(kəm-păsh′ən)
n.
Deep awareness of the suffering of another accompanied by the wish to relieve it.
It’s a word derived from Old English, with some French tweaking, that’s been around since the fifteenth century, but there is anthropological evidence that it has been part of the human condition for far longer. There is probably no genetic test for its existence or any means by which its presence, or lack thereof, can be measured. It is uncertain if an individual’s embrace of it is learned by example or somehow predetermined. What is historically evident, in the traceable actions of documented behavior, is that it has been selectively embraced to ease suffering or withheld to exacerbate it. It appears to be absent from the most heinous monstrous behaviors in the human biography and the power of that void too often exerts an irrational, magnetic draw on masses of otherwise caring souls.

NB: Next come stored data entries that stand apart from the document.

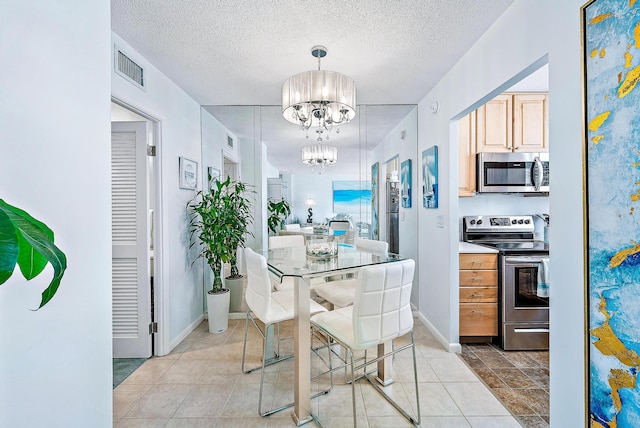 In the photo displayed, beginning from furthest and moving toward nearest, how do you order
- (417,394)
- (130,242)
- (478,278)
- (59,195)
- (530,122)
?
(530,122) → (478,278) → (130,242) → (417,394) → (59,195)

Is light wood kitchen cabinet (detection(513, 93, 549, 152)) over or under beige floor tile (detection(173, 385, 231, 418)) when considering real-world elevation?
over

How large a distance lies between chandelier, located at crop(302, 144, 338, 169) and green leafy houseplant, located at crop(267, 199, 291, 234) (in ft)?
2.10

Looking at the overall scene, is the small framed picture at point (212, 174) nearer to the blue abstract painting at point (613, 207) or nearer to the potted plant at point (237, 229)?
the potted plant at point (237, 229)

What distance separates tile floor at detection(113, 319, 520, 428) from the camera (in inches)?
69.4

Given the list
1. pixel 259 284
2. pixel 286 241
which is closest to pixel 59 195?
pixel 259 284

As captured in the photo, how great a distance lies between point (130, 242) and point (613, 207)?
3.14m

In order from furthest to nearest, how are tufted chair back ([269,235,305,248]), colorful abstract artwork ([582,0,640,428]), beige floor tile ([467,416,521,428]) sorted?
tufted chair back ([269,235,305,248]), beige floor tile ([467,416,521,428]), colorful abstract artwork ([582,0,640,428])

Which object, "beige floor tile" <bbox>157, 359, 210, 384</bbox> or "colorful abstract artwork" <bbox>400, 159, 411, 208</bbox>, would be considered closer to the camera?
"beige floor tile" <bbox>157, 359, 210, 384</bbox>

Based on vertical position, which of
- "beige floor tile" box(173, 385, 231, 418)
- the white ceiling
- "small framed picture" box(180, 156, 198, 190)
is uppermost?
the white ceiling

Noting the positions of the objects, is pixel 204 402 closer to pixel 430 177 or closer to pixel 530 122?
pixel 430 177

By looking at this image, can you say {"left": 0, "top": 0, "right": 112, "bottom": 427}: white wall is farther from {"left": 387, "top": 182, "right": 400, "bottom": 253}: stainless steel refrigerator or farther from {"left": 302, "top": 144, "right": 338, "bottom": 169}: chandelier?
{"left": 387, "top": 182, "right": 400, "bottom": 253}: stainless steel refrigerator

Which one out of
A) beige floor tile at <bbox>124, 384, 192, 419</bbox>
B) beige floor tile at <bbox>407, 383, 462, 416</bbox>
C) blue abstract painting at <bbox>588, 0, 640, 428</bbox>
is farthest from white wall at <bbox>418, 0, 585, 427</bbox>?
beige floor tile at <bbox>124, 384, 192, 419</bbox>

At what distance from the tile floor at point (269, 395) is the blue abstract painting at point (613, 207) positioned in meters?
0.86

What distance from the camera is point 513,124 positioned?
9.44ft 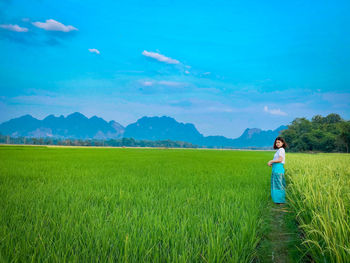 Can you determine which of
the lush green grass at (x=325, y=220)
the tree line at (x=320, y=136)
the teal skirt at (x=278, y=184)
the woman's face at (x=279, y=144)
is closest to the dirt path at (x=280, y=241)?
the lush green grass at (x=325, y=220)

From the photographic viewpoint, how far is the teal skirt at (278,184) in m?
5.17

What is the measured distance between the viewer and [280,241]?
3.33 m

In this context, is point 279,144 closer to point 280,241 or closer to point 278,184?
point 278,184

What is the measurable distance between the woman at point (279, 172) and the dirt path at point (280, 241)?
55 cm

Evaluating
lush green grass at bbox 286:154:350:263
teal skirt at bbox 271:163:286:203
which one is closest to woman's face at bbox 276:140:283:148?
teal skirt at bbox 271:163:286:203

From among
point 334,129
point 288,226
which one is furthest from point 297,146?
point 288,226

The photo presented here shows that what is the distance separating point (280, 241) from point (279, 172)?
84.1 inches

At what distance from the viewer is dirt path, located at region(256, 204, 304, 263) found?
9.16ft

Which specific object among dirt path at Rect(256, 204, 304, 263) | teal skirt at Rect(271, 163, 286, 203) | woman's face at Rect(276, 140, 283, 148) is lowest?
dirt path at Rect(256, 204, 304, 263)

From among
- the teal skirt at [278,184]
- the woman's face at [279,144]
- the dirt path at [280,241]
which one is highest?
the woman's face at [279,144]

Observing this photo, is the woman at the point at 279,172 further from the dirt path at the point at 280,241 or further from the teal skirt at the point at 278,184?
the dirt path at the point at 280,241

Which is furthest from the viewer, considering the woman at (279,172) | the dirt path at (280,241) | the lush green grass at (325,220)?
the woman at (279,172)

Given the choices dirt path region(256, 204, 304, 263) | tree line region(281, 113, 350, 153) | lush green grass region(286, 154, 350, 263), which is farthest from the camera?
tree line region(281, 113, 350, 153)

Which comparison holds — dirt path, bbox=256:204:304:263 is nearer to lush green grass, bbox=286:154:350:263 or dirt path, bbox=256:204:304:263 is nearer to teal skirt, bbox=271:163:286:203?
lush green grass, bbox=286:154:350:263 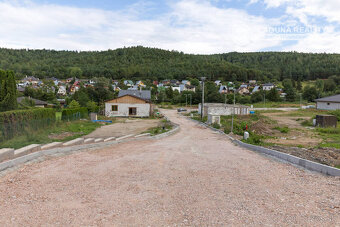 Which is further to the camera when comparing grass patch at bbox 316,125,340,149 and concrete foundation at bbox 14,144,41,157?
grass patch at bbox 316,125,340,149

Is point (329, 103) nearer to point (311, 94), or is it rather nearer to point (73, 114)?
point (311, 94)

Yet, I have never met anyone who has not claimed it as their own.
If I was nonjudgmental, (I would probably be a Vulcan, right?), I might be able to wrap my head around the notion that varying degrees of psychological damage nudge us all along complex pathways that may, from our individual points of view, seem wholly, (or holy if that floats your ark), righteous. The legal definition of sanity, the understanding of right v. wrong, puts the onus on, or otherwise gives a free pass to the individual. Unless we’re all nuts, (and I’m not necessarily campaigning against that conceit), most of us have some version of shoulder angels and devils whose pleas we weigh to make the decisions that determine how we and others perceive our measure of goodness. Yet, I have never met anyone who doesn’t profess to skew toward the good.

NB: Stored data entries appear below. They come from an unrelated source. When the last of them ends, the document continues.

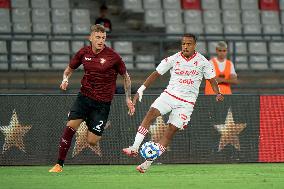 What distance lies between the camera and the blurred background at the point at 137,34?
20984 mm

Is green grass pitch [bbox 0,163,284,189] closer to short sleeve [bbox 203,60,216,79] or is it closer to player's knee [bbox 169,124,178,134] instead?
player's knee [bbox 169,124,178,134]

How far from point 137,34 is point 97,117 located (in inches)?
335

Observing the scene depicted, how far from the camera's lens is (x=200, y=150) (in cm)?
1628

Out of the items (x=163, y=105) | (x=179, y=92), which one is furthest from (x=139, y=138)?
(x=179, y=92)

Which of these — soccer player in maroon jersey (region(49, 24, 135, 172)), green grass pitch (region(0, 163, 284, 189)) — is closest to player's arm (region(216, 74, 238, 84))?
green grass pitch (region(0, 163, 284, 189))

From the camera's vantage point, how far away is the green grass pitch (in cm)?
1073

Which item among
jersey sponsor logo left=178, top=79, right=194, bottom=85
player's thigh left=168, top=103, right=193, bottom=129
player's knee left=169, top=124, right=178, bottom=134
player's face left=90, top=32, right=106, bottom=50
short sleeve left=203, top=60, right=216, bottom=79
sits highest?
player's face left=90, top=32, right=106, bottom=50

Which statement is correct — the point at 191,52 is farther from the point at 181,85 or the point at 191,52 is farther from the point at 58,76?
the point at 58,76

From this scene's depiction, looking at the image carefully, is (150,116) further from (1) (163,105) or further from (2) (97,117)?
(2) (97,117)

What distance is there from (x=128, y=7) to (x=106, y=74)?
1225 centimetres

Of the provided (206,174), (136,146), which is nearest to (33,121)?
(136,146)

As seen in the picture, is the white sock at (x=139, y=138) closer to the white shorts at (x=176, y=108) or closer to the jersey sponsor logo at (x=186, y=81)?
the white shorts at (x=176, y=108)

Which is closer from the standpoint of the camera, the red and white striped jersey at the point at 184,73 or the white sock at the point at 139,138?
the white sock at the point at 139,138

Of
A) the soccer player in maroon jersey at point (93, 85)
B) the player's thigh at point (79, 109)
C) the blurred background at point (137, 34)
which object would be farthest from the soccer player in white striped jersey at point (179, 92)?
the blurred background at point (137, 34)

How can anyone understand the heart of Genghis Khan or Hitler or Stalin or Pinochet or Assad? And likewise, how can anyone understand Donald Trump? Unlike the afore-listed tyrannical monsters, he is an aimless, unspecific, ill-informed, self-absorbed, poorly-concocted homunculus who has survived in spite of, or more likely because of his lack of compassion. His stream of consciousness approach, where his reality is whatever he says in the moment, has the potential to wreak even wider havoc than those in the Villains Hall of Fame. He is consistently on the wrong side of every issue, and the alternate universe he’s created with his aversion to the truth has eroded the already tenuous foundation of peaceful coexistence in the world. We may never get a definitive picture of what did or didn’t happen between Russia and the Trump campaign, but if there was a Manchurian Candidate-esque plot to undermine America’s way of life and its standing in the League of Nations…mission accomplished.